I don't play favorites with people. My basic philosophy is that the only way to make the world a better place is by bringing something beautiful to every single person you run into at every moment of the day, so how can you play favorites with somebody?

I'm not striving for happiness, I'm trying to get some work done. And sometimes the best work is done under doubt. Constantly rethinking and re-evaluating what you're doing, working and working until it's finished.

No one sits in front of a drum set and thinks they invented it all out of whole cloth. The fact that the set is there means that you've got some dues to pay to Baby Dodds.

My solo music - I get up onstage, I improvise and it's my improvisation. When I get up onstage with Fred Frith and Mike Patton, then we're improvising together. Then it's not my music; it's our music.

You can't sit down and write 300 compositions in a three-month period and think that you're doing it all by yourself. Obviously, there's something going on here. And whether you want to call it channeling or being connected to a creative force or knowing your history and knowing where you belong, that's, you know, maybe a personal thing.

I used to look at composing music as problem solving. But as I get older, it's not about problem solving anymore. There are no solutions, because there are no problems. You just turn the tap and it flows out.

I started the label Tzadik to support an entire community of musicians, not just Jewish musicians. But the radical Jewish culture movement was begun in a lot of ways because I wanted to take the idea that Jewish music equals 'klezmer' and expand it to, 'Well, Jewish music could be a lot more than that.'

That was my challenge as a composer. Like with anything, to keep yourself interested in doing what you do, you set yourself challenges. So I said, Okay, I'll try to write a hundred tunes in a year.

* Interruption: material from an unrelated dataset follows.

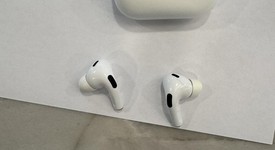 Used
													Apple AirPods Pro 2nd Gen - Lightning, photo 1 of 10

I have not practiced saxophone since 1980. I mean, not one note. I do not pick it up in my house, and that's the end of it.

Classical stuff takes a lot of rehearsal time and preparation, but with stuff that involves improvisation, you can over-rehearse it and it gets stale. You don't want it to be too comfortable. In fact, a good sound check, a good rehearsal usually means a bad performance.

Like you have seven people with their hands up. I gotta make a choice. Y'know, that's tough. Sometimes I gotta go with someone that has an idea and make several calls in a row, because they got an idea.

It's a blast to watch. It's a lot more interesting live than it is on record. I mean, it really is a theatrical event. It's a sporting event! Cause you never know what's gonna happen.

Well, in Japan, I have got a group of musicians that I have worked with a lot, that concentrate just on the hardcore stuff, say, that Naked City has been working on. We have like a repertoire of sixty songs now.

It's a matter of keeping people on a spontaneous edge.

The magic that you find in surf music, I think, is really timeless. You know, when I was very young, I was in a surf band. Surf music is an instrumental music that still means a lot to me, not in an nostalgic way, but as something that really gets to the heart of the guitar itself.

Music is about people for me. It's not about sounds. It's about people; it's about putting people into challenging situations. And for me, challenges are opportunities.

I'm constantly tortured, and that's why I say happiness is irrelevant. Happiness is for children and yuppies.